Greenwood Trust Co. v. Conley

Justice SCOTT

concurring in part and dissenting in part:

I agree with the majority that section 5-5-108, 2 C.R.S. (1992), was adopted by the Colorado General Assembly to “prohibit[] unconscionable debt collection practices.” Maj. op. at 1143. I also agree that Valerie L. Conley, now known as Valerie L. Shaw (Shaw), “commenced this action ... al-leg[ing] that [Greenwood Trust Company (Discover) ] provided false and defamatory credit information to consumer credit reporting agencies which ... caused her to lose credit opportunities.” Id. at 1143. However, because in opposing Discovers motion for summary judgment Shaw continued to claim injury to her “economic status” and because such a claim, in my view, is not inconsistent with or in “outright or actual conflict” with the Federal Credit Reporting Act (FCRA), maj. op. at 1148, nor is it “an action solely for injury to reputation,” id. at 1148, I must respectfully dissent from the majority’s determination that state law is preempted.

In my view, under section 5-5-108, a trial court may issue an injunction, in the absence of actual damages, to enjoin future violations of section 5-5-108 and to prohibit what Shaw’s complaint describes as a “continuing course of conduct.” Moreover, I disagree with the majority’s determination that Shaw’s claim falls solely under subsection 5-5-108(4)(d)(IV). See maj. op. at 1142. While I write separately, I also join in Chief Justice *1154Vollack’s separate opinion, concurring in part and dissenting in part.

I.

The majority determines that “a claim solely under subsection 5 — 5—108(4)(d)(IV) is in the nature of defamation and is prohibited by 15 U.S.C. § 1681 to the extent that malice or willful intent to injure is absent.” Maj. op. at 1142. In my view, the majority mis-eharacterizes the defendant’s complaint by limiting it to falling “solely under subsection 5 — 5—108(4)(d)(IV).” Id.
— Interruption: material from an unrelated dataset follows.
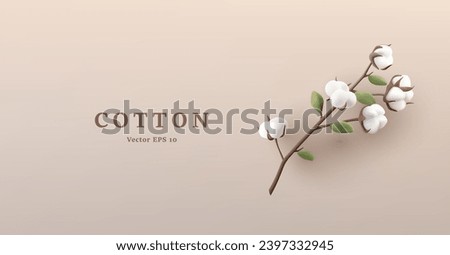 Cotton branch with white soft blooming plant flower 3d render illustration with blossom and leaves.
In fact, paragraph eight of the complaint and jury demand filed on February 9, 1993, alleges that “Defendant’s actions and omissions as herein alleged are actionable as a violation of § 5-5-108, C.R.S.” (See complaint attached as Appendix A.) Furthermore, in Shaw’s Response to Defendant’s Motion for Summary Judgment (Response Motion), she relies on section 5-5-108 in its entirety rather than just the subsection (4)(d)(IV) upon which the majority focuses its analysis.

Thus, the majority improperly limits subsection (4)(d)(IV) to reputation despite the statute’s clear mandate that “consideration shall be given to each of the [section 5-5-108(4)(d)] factors, among others-” § 5-5-108(4), 2 C.R.S. (1992). Subsection (4)(d) requires consideration of acts that cause or threaten to cause injury to a consumer’s economic status. Therefore, contrary to the majority’s determination, reputation is not the only aspect of Shaw’s claim. In failing to address the other aspects of Shaw’s complaint, the majority, in effect, preempts not just that subsection, but allows its judgment to be read as applicable to all claims of action under section 5-5-108(2), as applied through consideration of the several factors in subsection 5-5-108(4).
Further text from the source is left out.